Ken Popert, CEO of Pink Triangle Press, which publishes the Xtra! tabloids and The Guide travel magazine, was also in the running. Popert's long-time friend and fellow activist Gerald Hannon gave a nomination speech on Popert's behalf, which I found to be quite moving and touching. Hannon told me that he wrote it 10 minutes before the meeting — to me this proves Hannon's superior writing skills (in his daytime job he is a regular contributor to Toronto Life)

Though I did find it odd that Popert didn't speak for himself. I think perhaps it was a case of shyness on the media mogul's part. And he is admittedly not popular with some members of the community for various reasons which could take up a blog entry on their own. As Popert himself put it while the votes were being counted, he felt there were some, "axes being ground" in the room tonight.

The theme of this year's Pride celebration is, "Can't Stop, Won't Stop" which I think is a good choice given this year marks the 40th anniversary of the 1969 Stonewall riots in New York City. If the Grand Marshall's selection was awarded on the basis of lifetime achievement and chosen by a selection committee, then Popert would likely have won. His long years of work for Toronto's gay community are not something that should be trivialized or overlooked.

However, I feel that Khaki will make an excellent Grand Marshall. His inclusive politics (he twice ran for the NDP in Toronto Centre), socially progressive work as an immigration lawyer, and charming personality make him an excellent representative of Toronto's gay community. I hope he uses the honour as a means of drawing awareness to some of the causes he advocates for. (And he'll probably wear something amazing in the parade; he was wearing this great black velvet suit jacket and a smart tie with colourful circle patterns tonight)

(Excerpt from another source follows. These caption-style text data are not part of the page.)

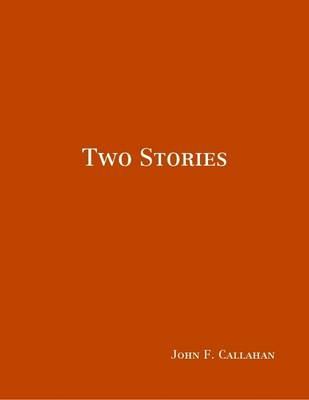 Book cover for Two Stories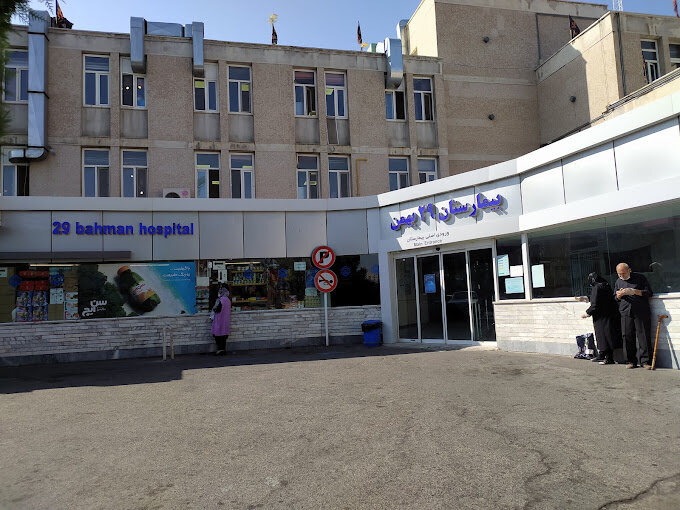 کلاف سردرگم بیمارستان ۳۲۷ تختخوابی تامین اجتماعی تبریز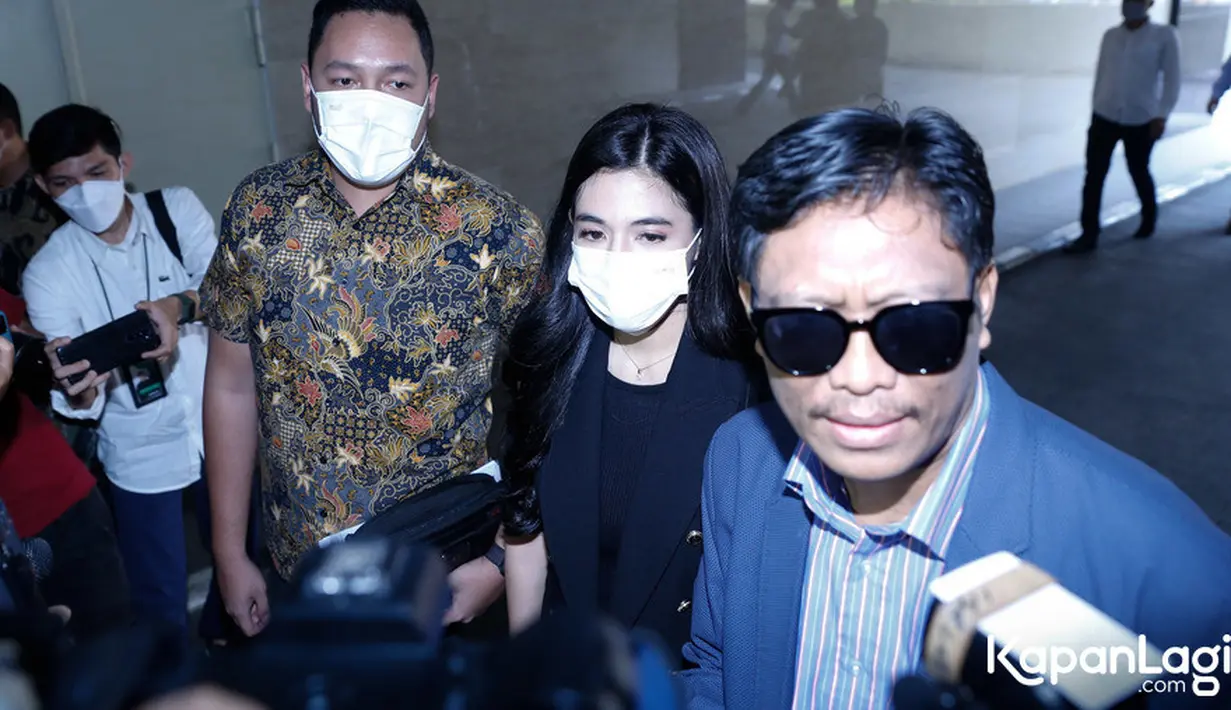 <p>DJ Una (KapanLagi.com/Bayu Herdianto)</p>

I'll be in New York City for Toronto Pride this year. It being the 40th anniversary of Stonewall, I've made plans with a friend to travel to the Big Apple to celebrate this crucially important moment in the history of the gay rights movement in North America. But after tonight, I wish I could be in two places at once. I'm sure Toronto will mark the occasion in a classy spectacle all its' own. Though I would like to see the city give greater prominence to the flag unveiling this year — no more hiding the event behind the concession booths of another event, which is what happened in 2008.